ABOUT THIS TASK> Without the pictures, retype exactly the lines from the top of the entries below through the line that contains "solo super_smash_bros. twitter_username".

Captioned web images
--

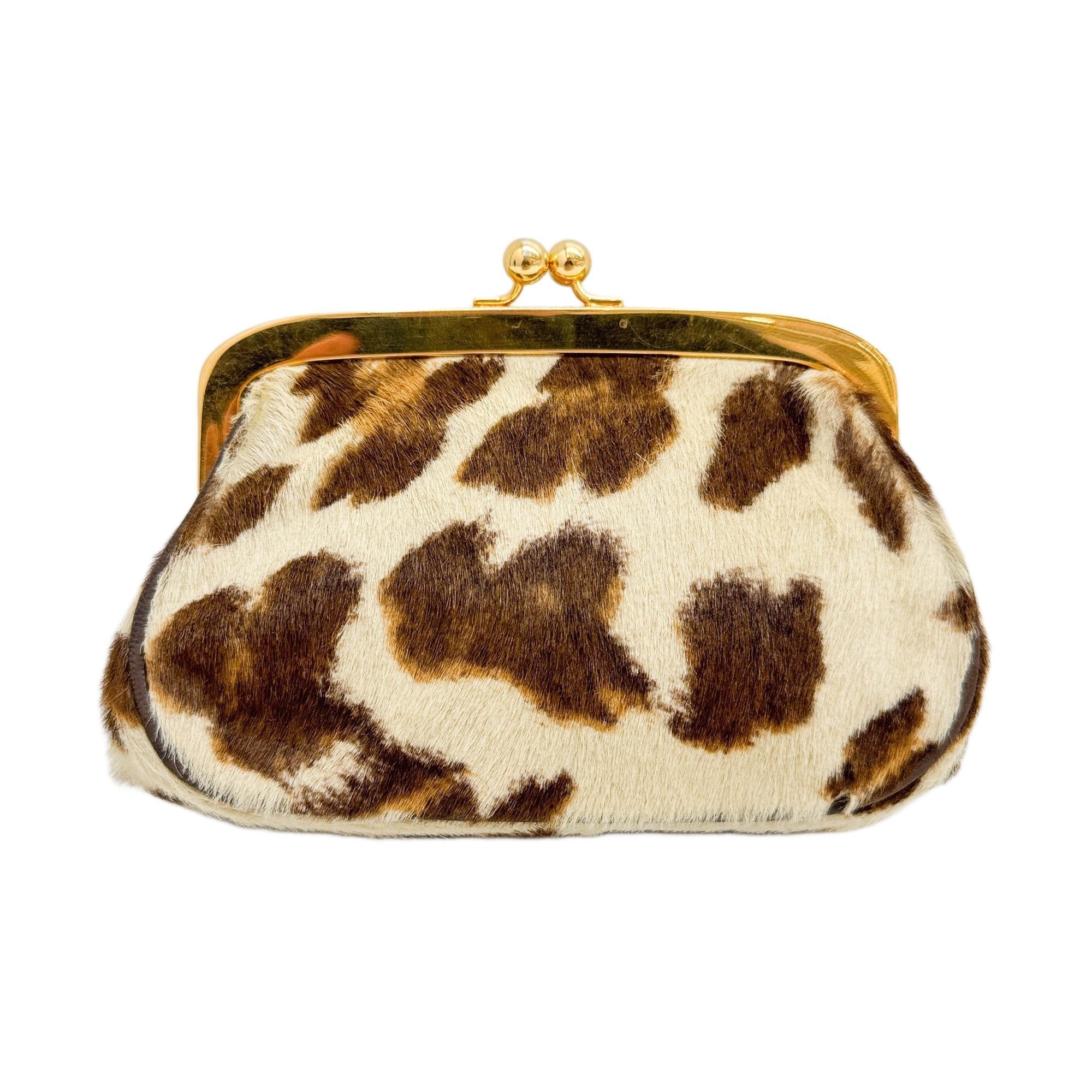 Brown Leopard Print Pony Hair Coin Pouch
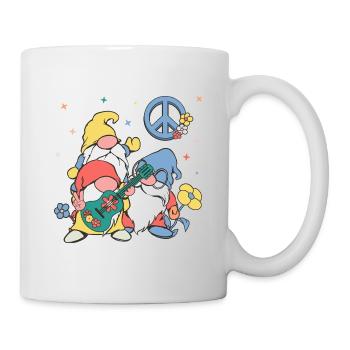Hippie dwarves with guitar and peace sign - Mug - white - Right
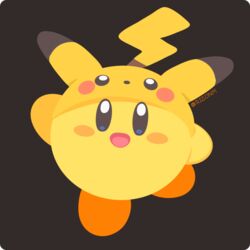  :d black_background blush_stickers character_hat commentary copy_ability cosplay full_body hand_up happy hat kirby kirby_(series) looking_at_viewer no_humans open_mouth pikachu pikachu_(cosplay) pokemon rizu_(rizunm) simple_background smile solo super_smash_bros. twitter_username 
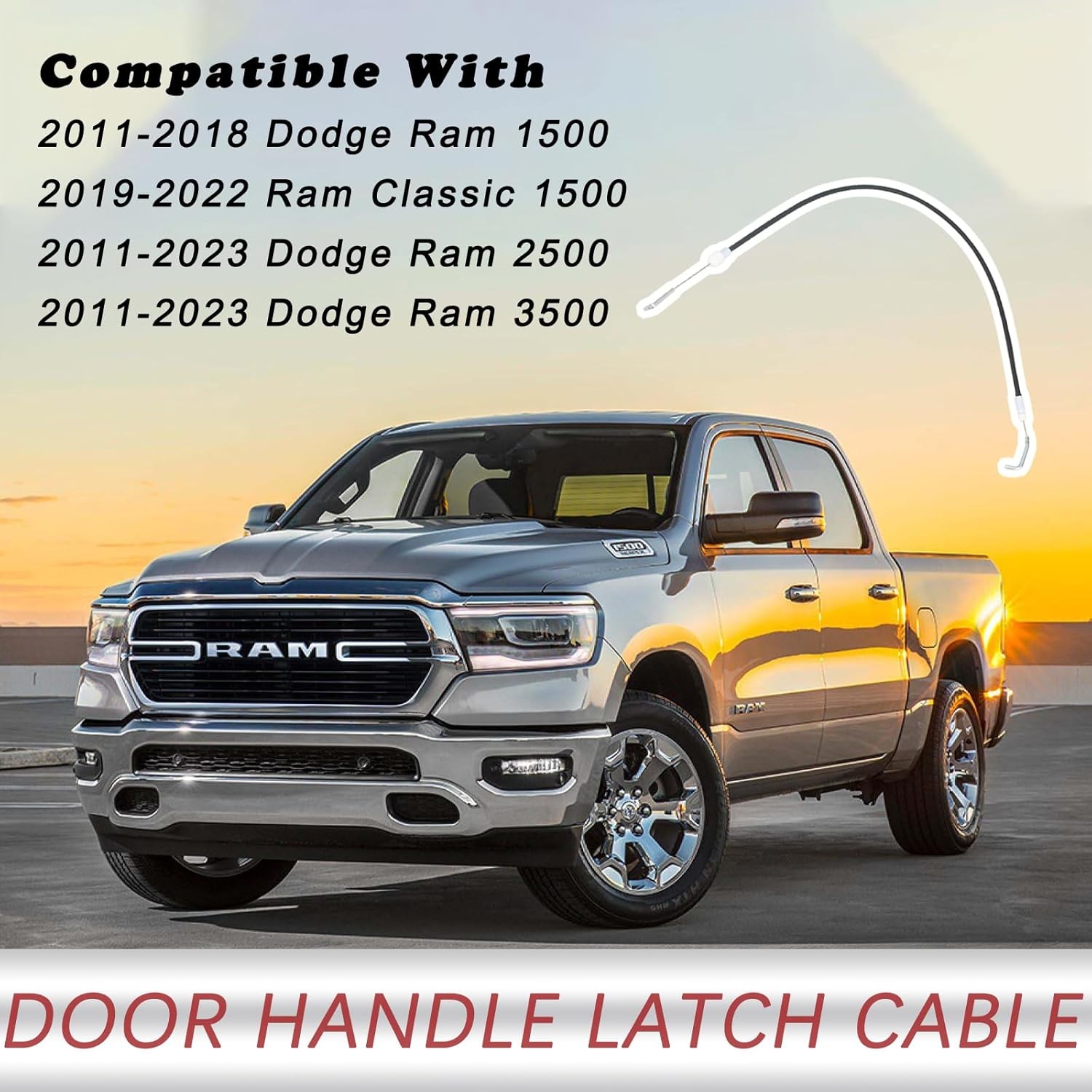 912-610 Door Handle Latch Cable Compatible with 2011-2023 Ram 1500 2500 3500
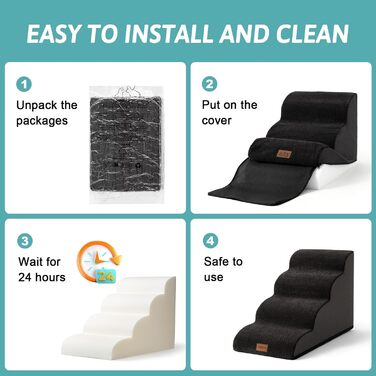 Сходинки для собак маленьких порід 50 см, сходи для тварин на ліжко з високощільним губчастим матеріалом, сходинки для собак з пральною наволочкою та неслизьким дном, 40x72x50 см, 4 сходинки (Чорний, 5 сходинок (40x84x57 см))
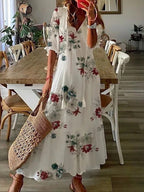 Soril | Women's Short - Sleeved V - Neck Bohemian Summer Dress | Maxi - Nalani - Fashion Clothing and Decor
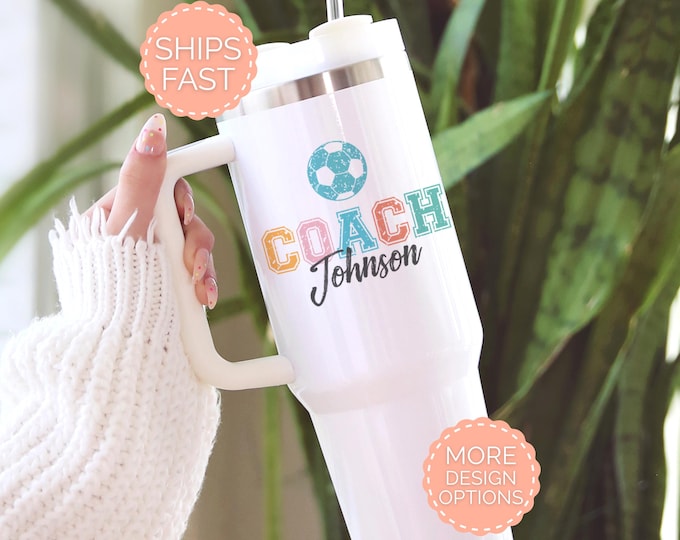 Personalized Sports Coach Insulated Tumbler With Name, Coach Appreciation Gift, Custom 40 oz or 20 oz Skinny Tumbler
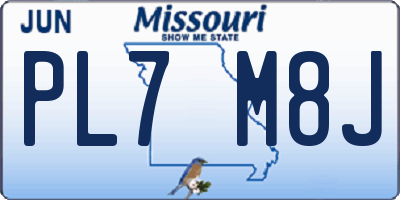 MO license plate PL7M8J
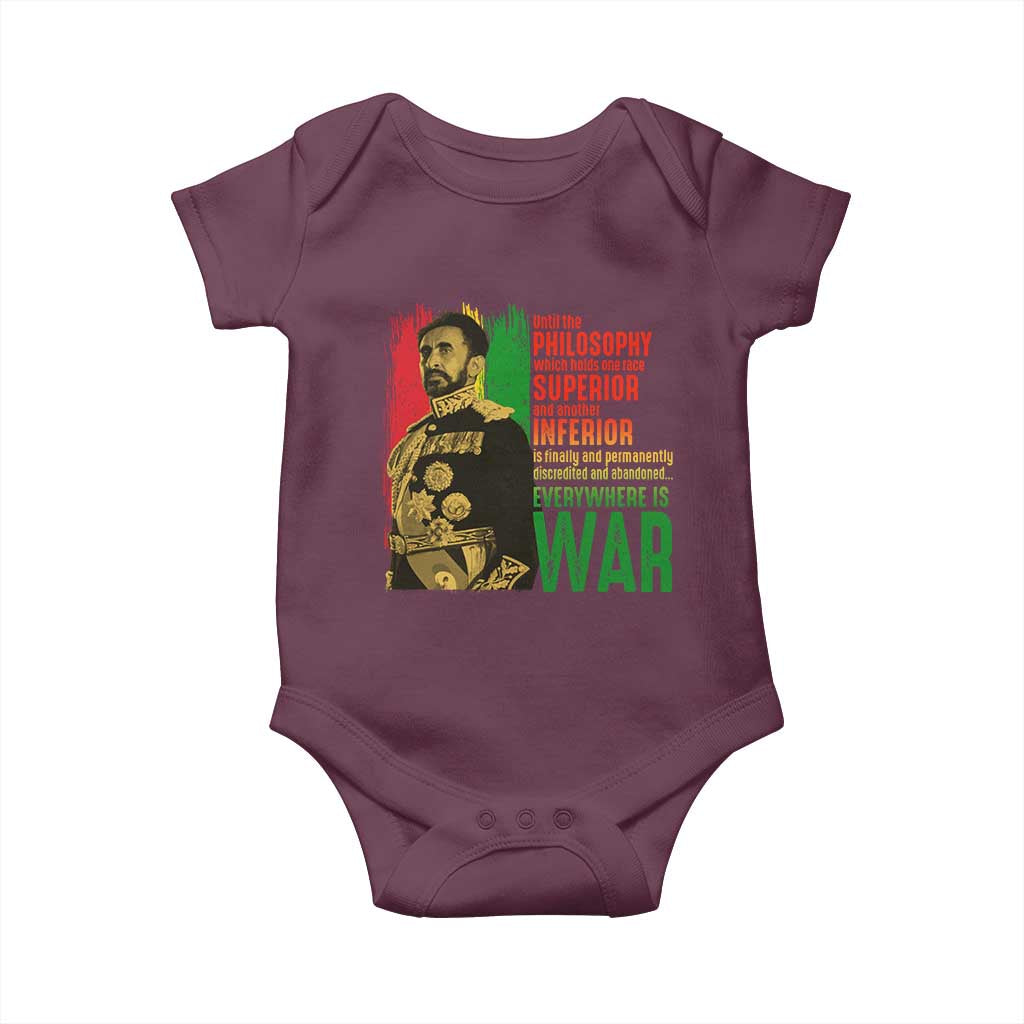 Haile Selassie Quotes Baby Onesie Until The Philosophy Which Holds One Race Speech War TS11 Maroon Print Your Wear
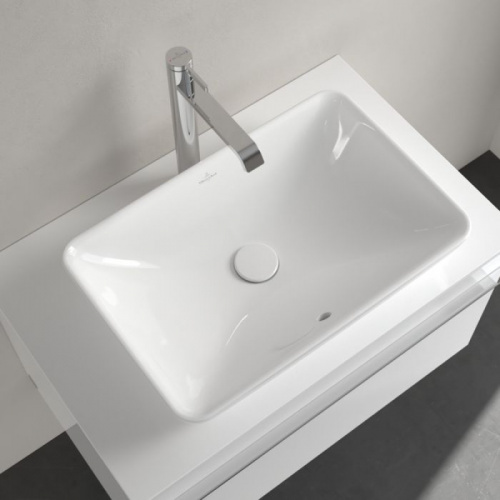 картинка Villeroy&Boch Venticello Раковина накладная 550х360х170, без отв. под смеситель, с переливом, CeramicPlus, цвет альпийский белый от магазина Сантехстрой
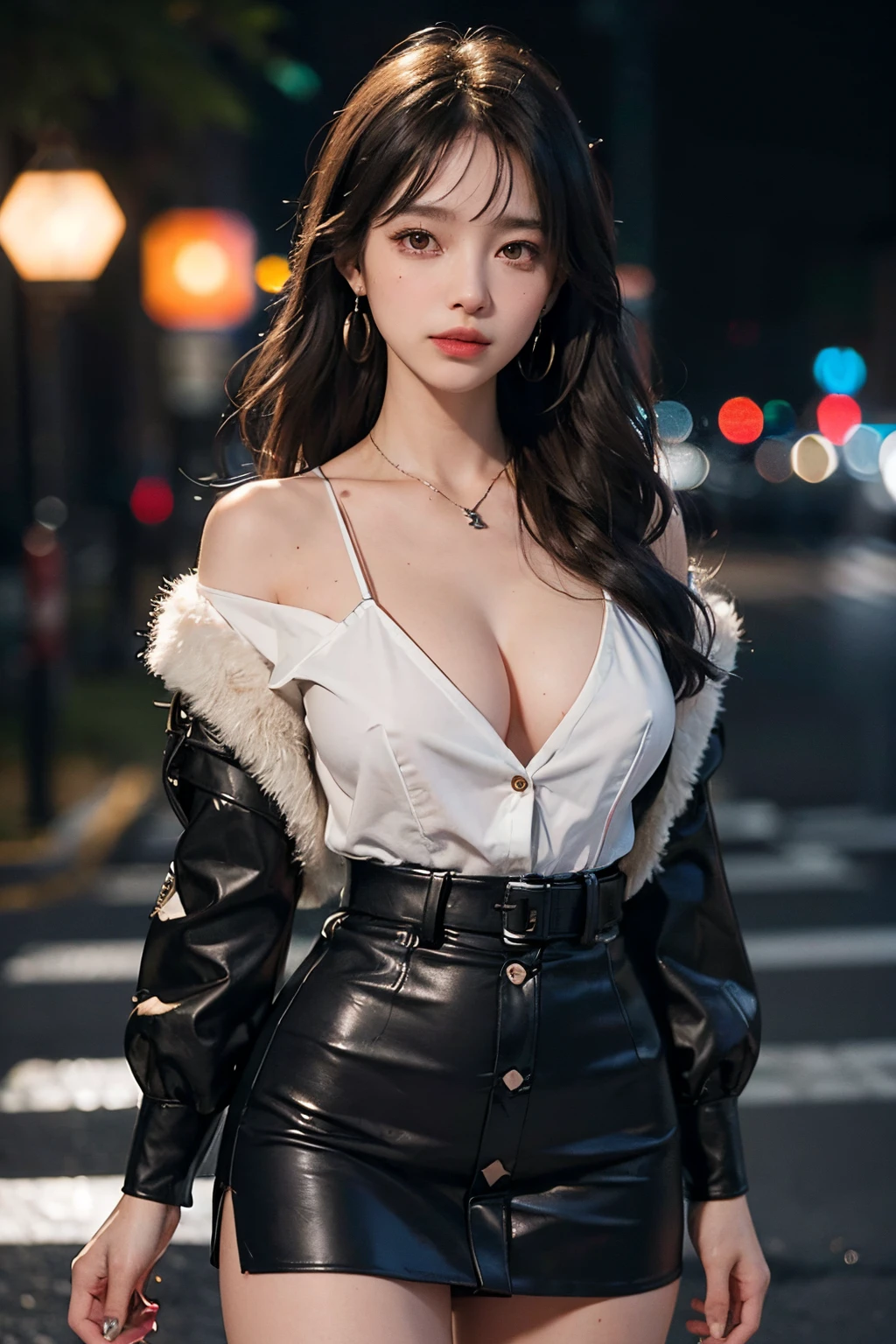 sfw, best quality, ultra high res, masterpiece, (photorealistic:1.4), solo focus, (skinny body huge breasts young woman:1.3), photography, (medium wide shot cropped legs:1.3), three quarter view pose, (cinematic lighting:1.2), vibrant, vivid color, detailed face, detailed eyes, random hairstyle, (off-shoulder shirt, mini skirt:1.2), (random places, random season, random weather:1.1), wearing bra,((skinny waist)), young asian girl, ((big boobs)),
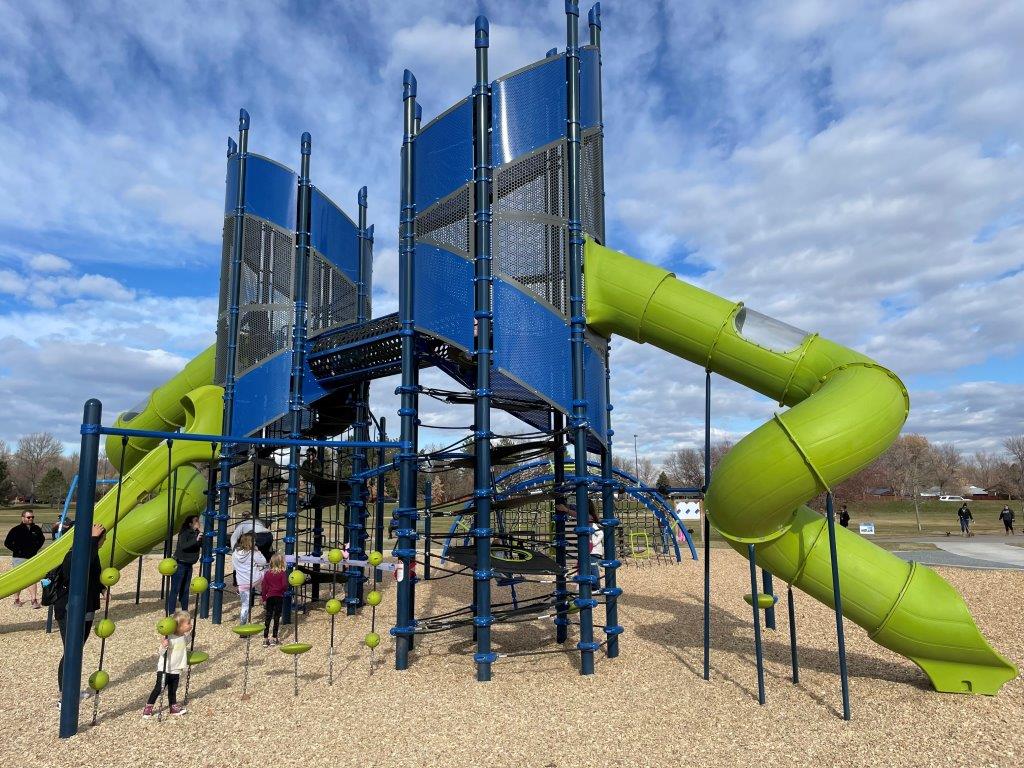 Large play structure at Bible Park in Denver, new Colorado playgrounds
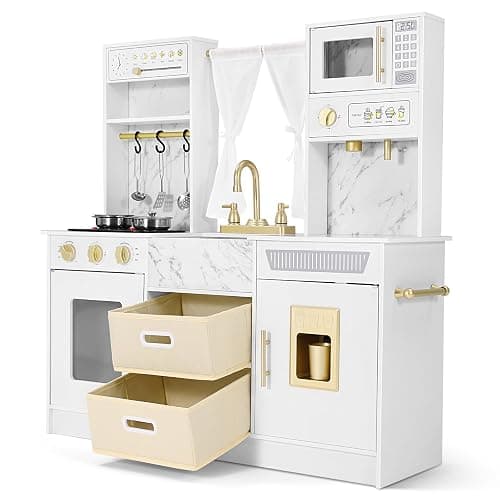 JOYLDIAS Play Kitchen, Wooden Kids Play Kitchen Playset Chef Pretend Play Set for Toddlers w/Ice Cube Dispenser, Oven, Cooking Accessories,Trendy Home Style w/Curtains, Storange Box, Gift for Ages 3+ thumbnail 9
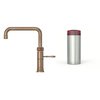 Quooker 2.2+CFSPTN 3 in 1 Classic Fusion Square Tap with COMBI+ Tank, Patinated Brass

--

ANSWER TO THIS PROBLEM>
 Brown Leopard Print Pony Hair Coin Pouch
Hippie dwarves with guitar and peace sign - Mug - white - Right
  :d black_background blush_stickers character_hat commentary copy_ability cosplay full_body hand_up happy hat kirby kirby_(series) looking_at_viewer no_humans open_mouth pikachu pikachu_(cosplay) pokemon rizu_(rizunm) simple_background smile solo super_smash_bros. twitter_username 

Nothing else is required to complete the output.